Saturday, July 24, 2010

Heroin and My Mind

This would be the first update in almost 6 months. I don't kid myself and think that anyone actually reads this. This journal is more for me to track this sickness, this addiction that I have.

You have no idea what heroin does to your brain...unless you've researched it online...then you do. Smartypants. Regardless, the first time you use it, I think it plants itself in your head. The longer you do it, the worse it is in your head. So you stop shooting up for a while because you're going clean. Guess who's sitting there with you every day? The Cravings stay with you, and they can be triggered with something as little as just seeing a 20-dollar bill. That's what happens to me. A twenty or higher triggers thoughts of using.

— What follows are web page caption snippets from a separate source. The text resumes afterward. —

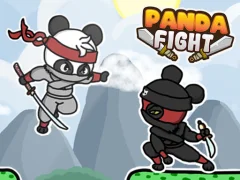 Panda Fight — joc online gratuit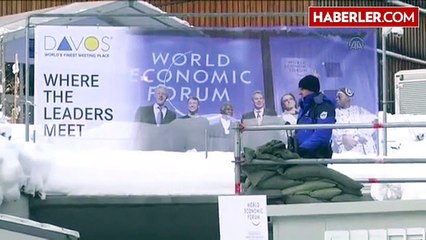 Davos Zirvesi Yarın Başlıyor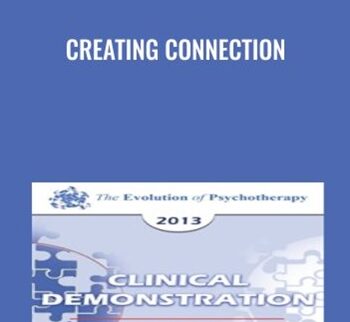 Creating Connection - Sue Johnson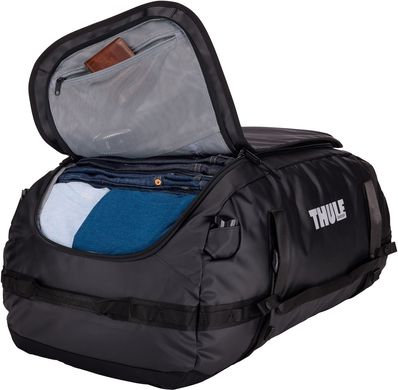 Всепогодная спортивная сумка Thule Chasm (Black) цена 8 299 грн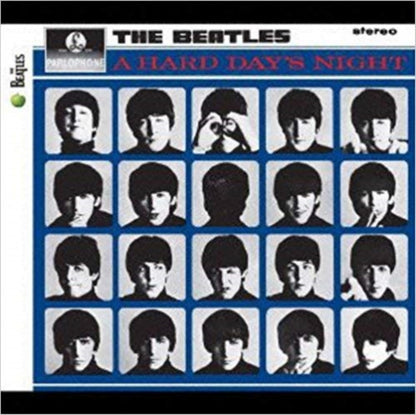 Hard Day's Night & Beatles For Sale & Help & Rubber Soul & Magical Mystery Tour & Yellow Submarine & Past Masters 1 & 2 & Something New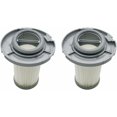 thumbnail image 1 of 2pcs for Rowenta, Vacuum Cleaner, ZR009005 Cartridge, Pre-filter, Filter Accessories, 1 of 5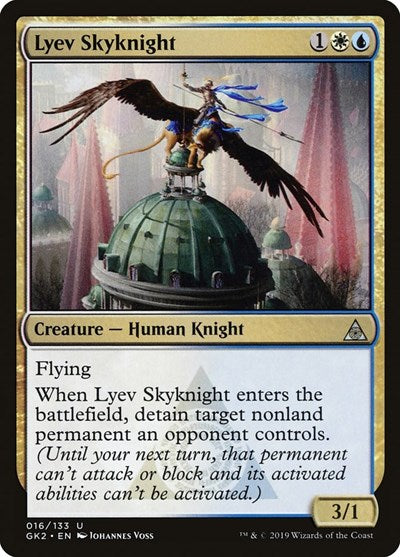 Lyev Skyknight|8|0|0.00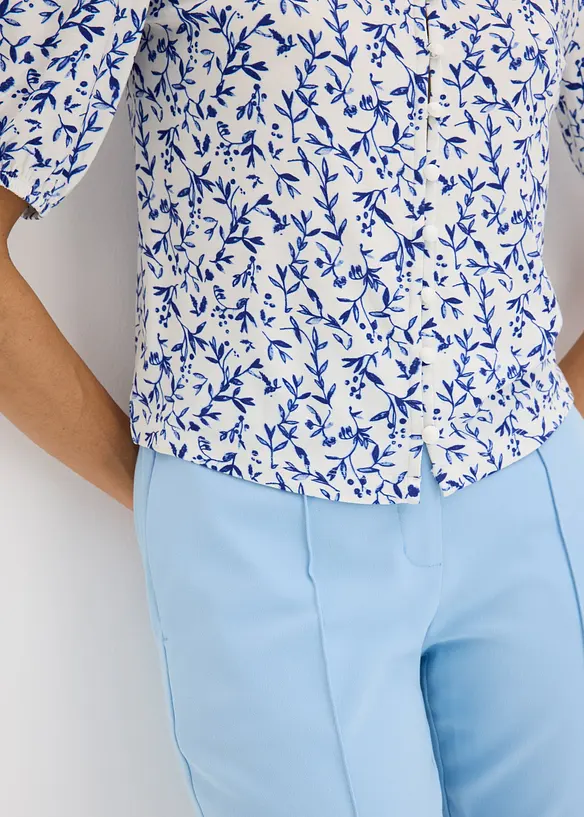 Maglia fantasia, bonprix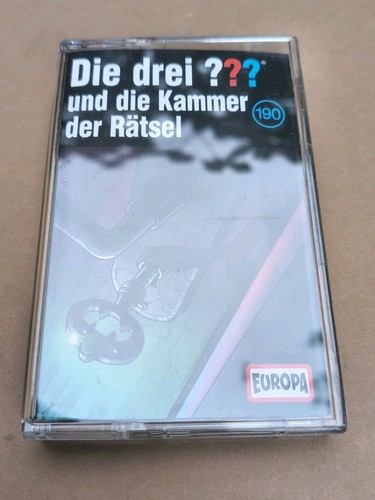 Die drei fragezeichen 190 - mc,
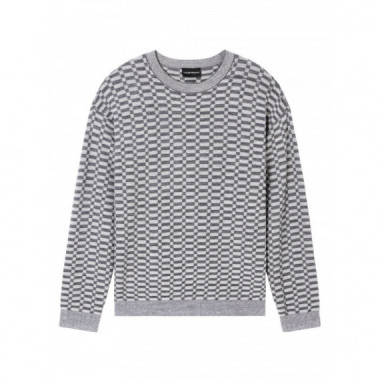 EMPORIO ARMANI - Pullover - F8047 - EM005388AF24483/F8047
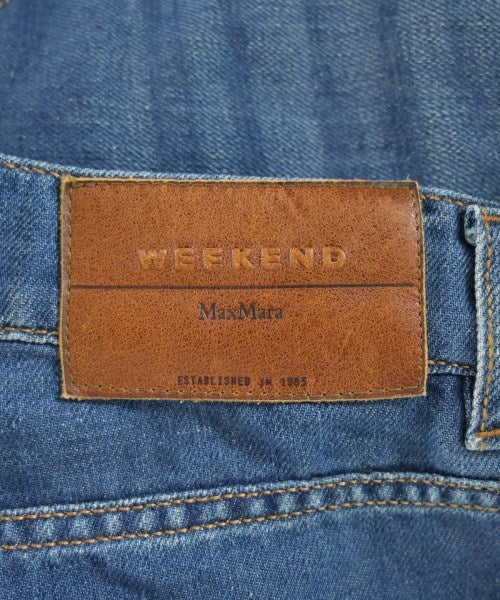 MAX MARA WEEK END LINE 牛仔褲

And you fight it...oh, you fight it, to no avail. The 12-Step Programs say you are "powerless over BLANK"...well, I don't know about people who have a "pot addiction", but I sense they just got caught and feel guilty. People who use junk are definitely powerless. I know at least 5 examples of people who can't or currently don't want to quit the shit right now.

I have to be honest here. I don't know how I'm ever going to shake this shit. Part of me still doesn't want to even though it has led me to lose everything I took for granted in my life: my job, my apartment, and my girl. I lost all three in the past 30 days or so. And you attempt to deal with this loss at the same time trying to be clean...HA! Good luck, everything in the world screams.

Is Narcotics Anonymous and me going to meetings and working steps enough? Can we beat this motherfucker? I don't know if it's possible.